Gemma 4 Is Here: Google's Most Capable Open Model Family
Google's Gemma 4 ships four model sizes under Apache 2.0 — from 2B edge models to a 31B dense powerhouse that rivals 400B+ rivals. Here's what it means for local AI.
Google DeepMind released Gemma 4 on April 2, 2026 — and it’s a big deal for anyone running models locally. Four model sizes, Apache 2.0 license, native vision and audio, 140+ languages, and benchmark scores that embarrass models twenty times its size. Let’s break it down.
The Lineup
Gemma 4 comes in four sizes, each targeting a different deployment scenario:
| Model | Parameters | Context | VRAM (Q4) | Best For |
|---|---|---|---|---|
| E2B | 2.3B effective | 128K | ~4 GB | Phones, Raspberry Pi, edge devices |
| E4B | 4.5B effective | 128K | ~6 GB | Laptops, 8 GB GPUs |
| 26B MoE | 26B total / 3.8B active | 256K | ~20 GB | Consumer GPUs, efficiency-focused |
| 31B Dense | 30.7B | 256K | ~22 GB | Maximum quality on a single GPU |
The “E” in E2B and E4B stands for “effective” — these are efficient architectures designed to punch above their parameter count.

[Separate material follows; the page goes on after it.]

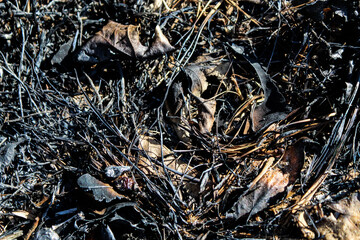 close-up of recent scorched vegetation from a prescribed burn for land management purposes....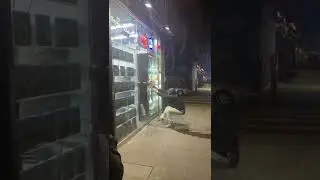 Guy tries to break into store but breaks door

The 26B model uses Mixture-of-Experts, activating only 3.8B parameters per token while having access to the knowledge of a 26B model.
Why Gemma 4 Matters
Benchmark performance is exceptional. The 31B Dense model ranks #3 on the Arena AI text leaderboard among all open models. Some specific numbers:
| Benchmark | Gemma 4 31B | Gemma 3 27B | Improvement |
|---|---|---|---|
| GPQA Diamond | 84.3% | — | Graduate-level reasoning |
| AIME 2026 | 89.2% | 20.8% | 4.3x improvement in math |
| LiveCodeBench v6 | 80.0% | 29.1% | 2.7x improvement in coding |
| MMLU Pro | 85.2% | — | Broad knowledge |
The 26B MoE is nearly as impressive — 88.3% on AIME 2026 and 77.1% on LiveCodeBench, despite only activating 3.8B parameters per token.
Apache 2.0 license. Unlike Llama 4’s community license (which requires a separate agreement above 700M monthly active users), Gemma 4 ships under Apache 2.0 — fully permissive for commercial use with no strings attached.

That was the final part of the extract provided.